I personally think that the Ascend sound is very natural but I can't make that call for you.

morgispop
09-11-2006, 09:10 PM
Just moved to Chicago. I will keep checking for somebody local to me.
Thanks. I really have a gut instinct that they are going to be excellent for a cone style speaker and wil suit my needs fine.
D

GirgleMirt
09-12-2006, 09:33 AM
Hmmm... Maggies really do have their own sound, which maggies do you have? Tone: The Ascends are hard to beat for tone fidelity, I'm not 100% sure for the tone of the maggies, I know they're PITA to measure, but generally, do they have a very even FR?

Not entirely sure what you mean by harmonics. The maggies have a sort of transparency which seems to be hard to replicate with dynamic loudspeakers.... Dynamic have a lot more punch. Can you describe exactly what you meant by harmonics? Its been a long time since I've listened to Maggies, but I remeber their sound being almost holographic, dynamic speakers are more visceral in comparison... What did you not like on the SF Concertos?

When I'm in an adjacent room(pretty open floor plan), a jazz trio still sounds like a jazz trio that hapens to be playing in another room. Does that make sense? Not really, people usually judge how a speaker sound in the same room that the speakers are in.
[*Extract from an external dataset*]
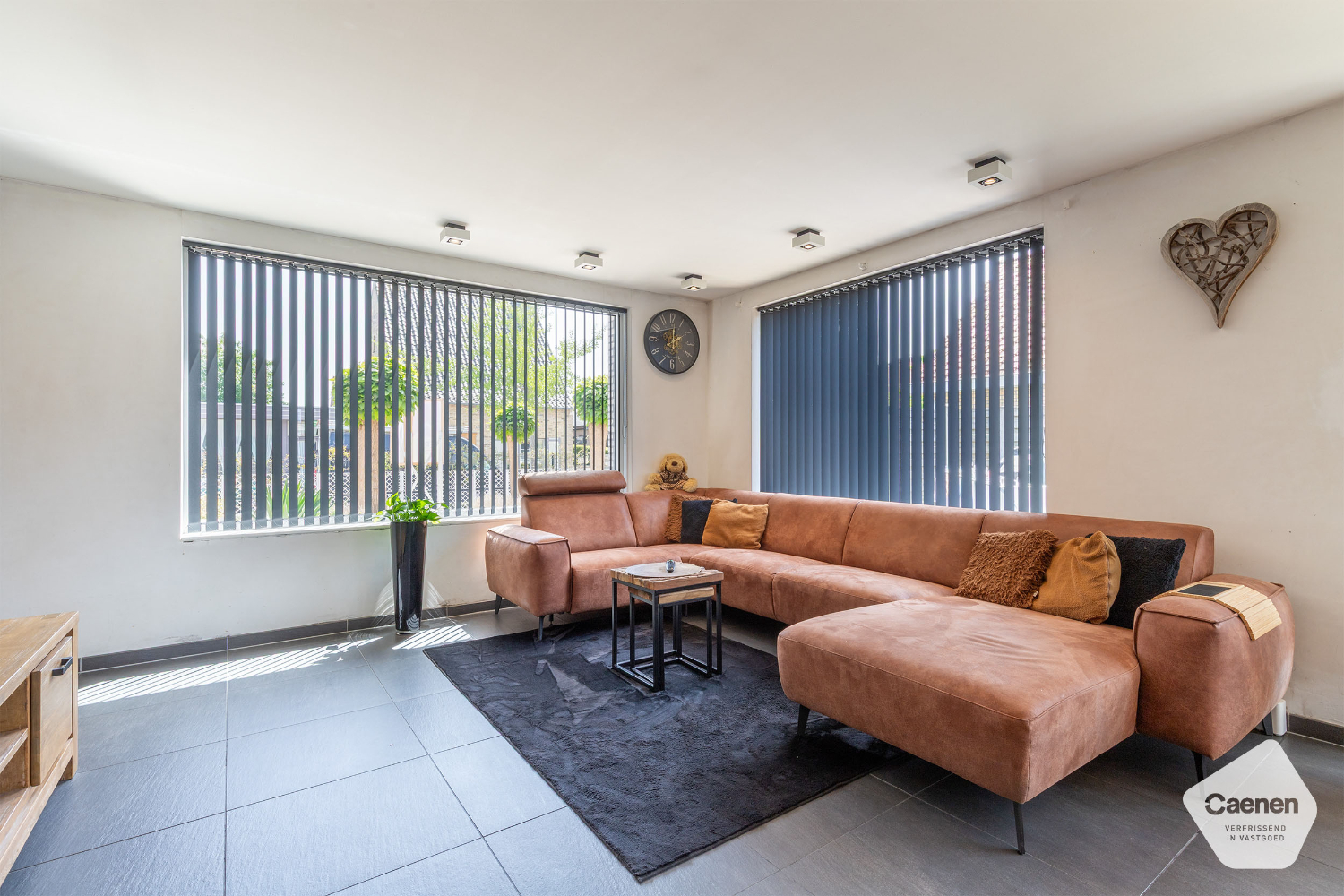 Moderne bungalow met 3 slaapkamers, aangelegde tuin en zwembad. - foto 4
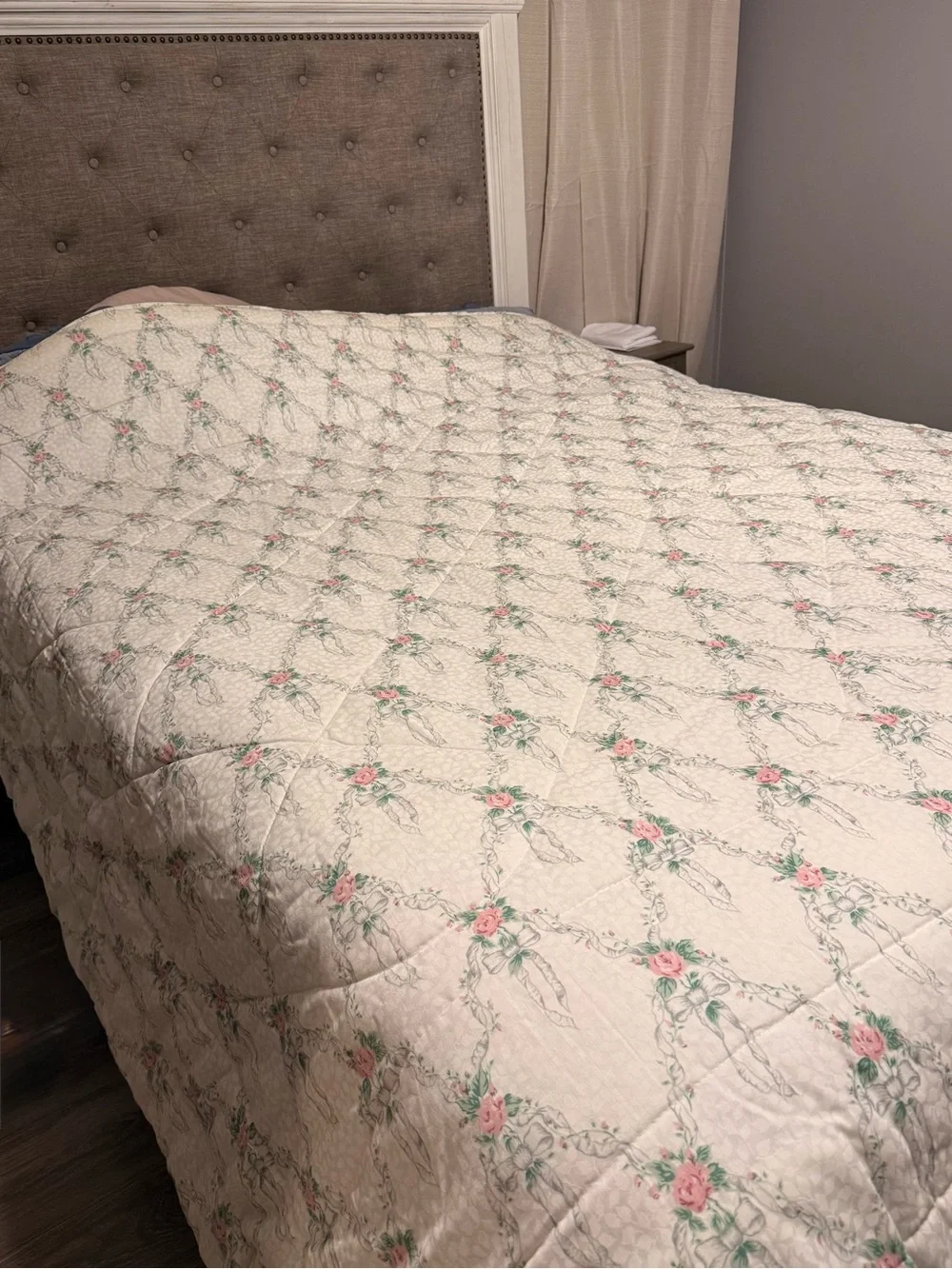 Vintage Floral Ribbon king comforter with bows set with two shams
I've seen some comment on how realistic some speakers sounded from another room, but maybe I'm weird, but that really never bothered me in the least! :p As the smaller magneplanars have limited bass response, I don't see how that could be the case anyhow....

Can you give us more concrete examples of what you found the dynamic loudspeakers you tried lacking? You talk about natural... I found planar speakers to sound less natural than dynamic speakers.... Magnepans I heard almost had an ethereal sound... Not what I'd call the most natural...

morgispop
09-12-2006, 10:07 PM
I guess my reluctance to embrace dynamic speakers is hard to put into words. I agree fully that the maggies do not provide the visceral "punch" that many cone speakers do quite easily and there is quite a bit of music that I come across that could use a bit more of this that the mags can't provide. This is of course amplified music. I do listen to quite a bit of live music from acoustic guitar to jazz ensembles and when I listen to the like recordings of this, there really is no need for the "punch" because there isn't any punch to begin with. Just sound, and that is what the maggies do so well. Reproduce that open natural sound coming from an instrument/voice. Drums are, of course, a natural exception.
An easy test for me is to play a basic acoustic(solo if possible) recording in mono through only one speaker and compare that to one maggie, level matched. Then just walk around that one speaker. The maggie just does better by me. Very little change 360 degrees. Even the bipolar def tech/mirage don't fair as well. So I guess that's what I mean by more natural sounding. They just exude sound, not reproduce sound with a cone.
Now, as far as reproducing the event, such as the original recorded space, I think dynamic speakers do better and in that sense are more accurate. The maggies just sort of force whatever recording is playing to be more in your room than in the original space. That being indicative of the comment that they do have a sound. Indeed they do.
I do think I am going to give the 170 a fair try and tuck away some of my plain stubborness. I can always go back when my space constraints subside.
I am assuming the 170 is my best bet as opposed the the 200 or 340?